5 comments on “The word: Rock

  1. How It Lives (Sonnet 18)

    “So long lives this, and this gives life to thee?”
    But this poem of yours lies dead on a printed page
    Unless it bursts the barrier of a mind
    That has not been made immune to poetry
    By ferocious English classes. There it may find
    A home to give it life and pass contagion
    To others of its vulnerable kind.
    But the immune still breathe, have eyes that see.
    With them your boy’s eternal summer dies.
    Your sonnet cannot live on rock or stone
    Impregnable; it needs a gentle host
    Whose breath and vision it can make its own.
    Then it will not reckon how time flies:
    This virus dwells in those who love it most.

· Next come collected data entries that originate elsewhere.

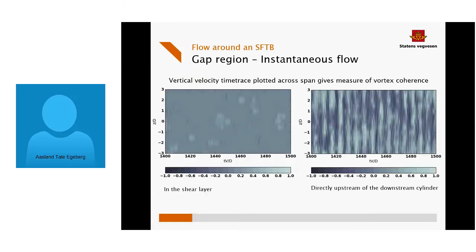You can measure coherence by plotting vertical velocity across the span in time. A probe inside the shear layer shows the smaller shear layer vortices are not coherent in space — they show up intermittently. However, a probe directly upstream in the middle of the downstream cylinder shows a strong coherence: you can see one vortex, then another, then another — a definite periodicity to the large-scale vortices being formed in the gap.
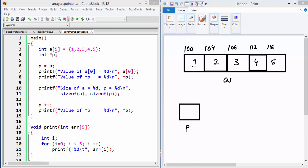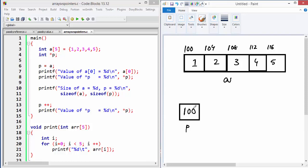We also have a pointer variable P, initially not set to anything. The first thing I want to do is assign A to P. Remember, A always contains the address of the first element — that's the most important point in C. So A contains the address of the first element, which is 100. When you assign A to P, you are assigning only the address of the first element, so now P points to the first element of the array.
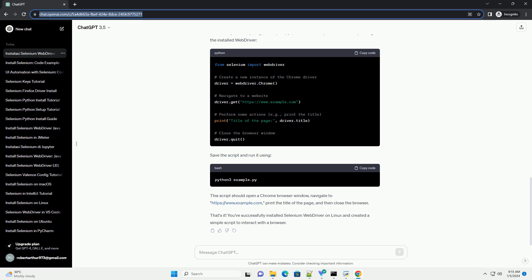Save the script and run it using. This script should open a Chrome browser window, navigate to https://www.example.com, print the title of the page, and then close the browser.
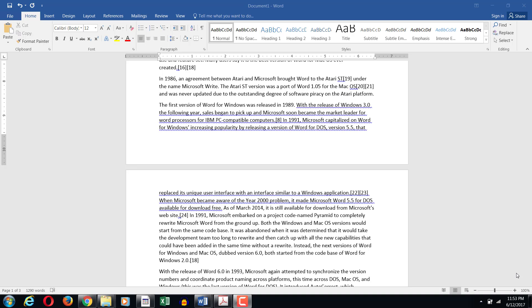So orphan is when one line, the first line, is on one page and the rest of the paragraph is on the next page. And the widow is that the whole paragraph is on one page except for the very last line which is on the next page.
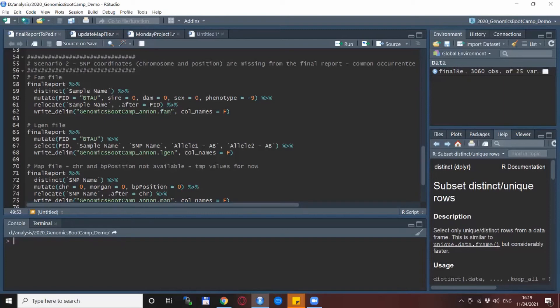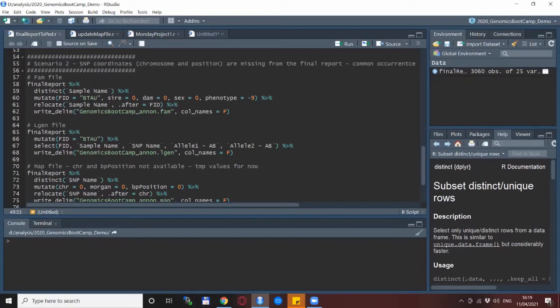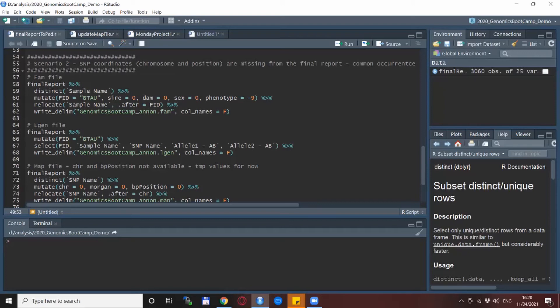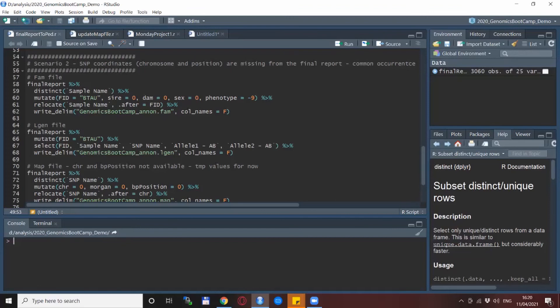And now for scenario two which unfortunately is way too common. But here basically we use the same approach, we still do for the creation of FAM file, LGEN file and MAP file and we still transform these with PLINK. The catch is that we need to be a little bit more inventive when it comes to replacing the missing values because of course if there are some columns missing from the final report we still need to put there something because PLINK actually needs them so it can function properly.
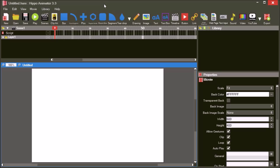This tutorial demonstrates how to add audio to your Hippo Animator movies. In this example we will work with two MP3 sounds: a short beep and a longer jazz loop. Use the import button on the library to import sounds.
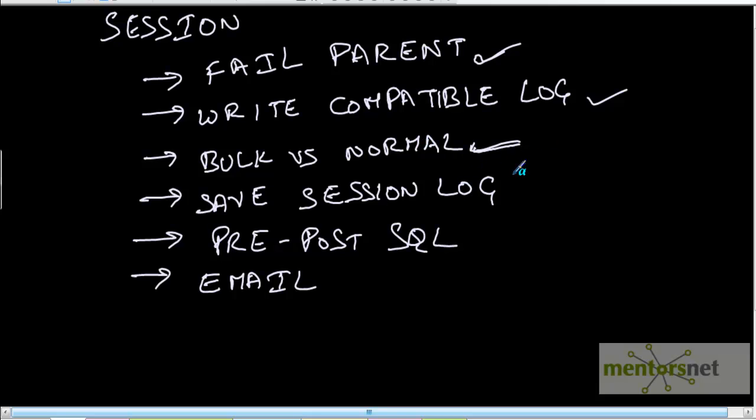Save session log for how many runs — you want to save your session log for 5 runs or 10 runs. You do not want to save for too many runs because it will occupy space, and if you do not need them, you do not want to save them.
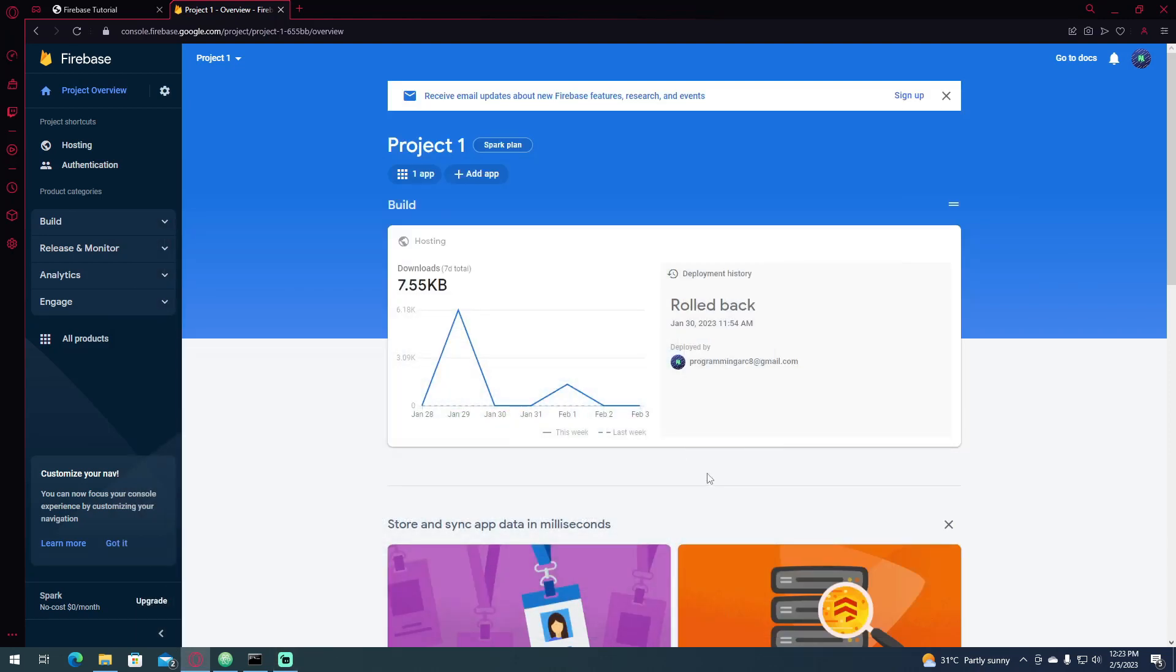Hello everyone! In this video, I am going to show you how to sign in using your Google account to any website that you created in Firebase Authentication.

  2. The Day She Found Out

    She had a point to make
    about fidelity.
    That a rupture becomes sacred
    in place of a vow.
    Your eyes went wide
    when her ring hit your cheek,
    bounced the red oak floor and
    settled in the fringe of that old rug.
    The diamond had been 6 years naked,
    stripped of feldspar
    set in silver bondage
    back on 47th street,
    every bit of modesty left on that floor.
    You liked it naked.
    You called it “her rock”.
    She used to smile,
    but this day, she felt naked, too

  3. Virus Verse

    Alone I continue to be in self-quarantine,
    nothing more to do than some verses glean.

    Using the words neglected thus far,
    I hope to pen a poem that raises the bar.

    Last night in the wee morning hour
    I penned my first six lines with rhyming power.

    I had a word in a sentence rhyming with rock,
    but now, oh dear, I’ve awakened with writer’s block.

    The words to consider are grapefruit, jolly, flippant
    odd, truth, and oh yes, esssse, should be sufficient

    to create short poems for you…
    Haiku

    Ripe ruby red chunks
    Plunging a spoon delivers
    Grapefruit to my eyes

    Confined to my home
    Tends to limit resources
    Considered jolly

    From five seven five
    Poems are generated
    Flippantly composed

    Odd, odd, even, odd
    Fibonacci would be proud
    Three, five, eight, thirteen

    Telling the whole truth
    Before judgment of the court
    Means time with bars

    Ashes drawn from esssse
    Remind me that I am dust,
    to dust I shall return.

  4. Between soup from a stone
    and water from rock
    we pause,
    wonder whether ways
    loop together or paths diverge.

    I toss up prayers
    that the road ends
    before milk and honey and permanence.
    For me,
    all roads lead to you.

  5. To Be a Rock

    One can be a rock
    for someone else.
    But what does it mean,
    being a rock?
    Or when you think of a face of stone,
    do you think of something timeless,
    granite, glacier-created,
    or man-made, carved into a mountainside,
    a tourist attraction?
    Or your father, serious, the night his mother died?
    His face wasn’t stone, though.
    It was cracked, and weathered,
    and wet from tears.
    You were a child, and you watched it,
    that face, not stone,
    and you understood a little bit better
    about what it’s like to be a rock.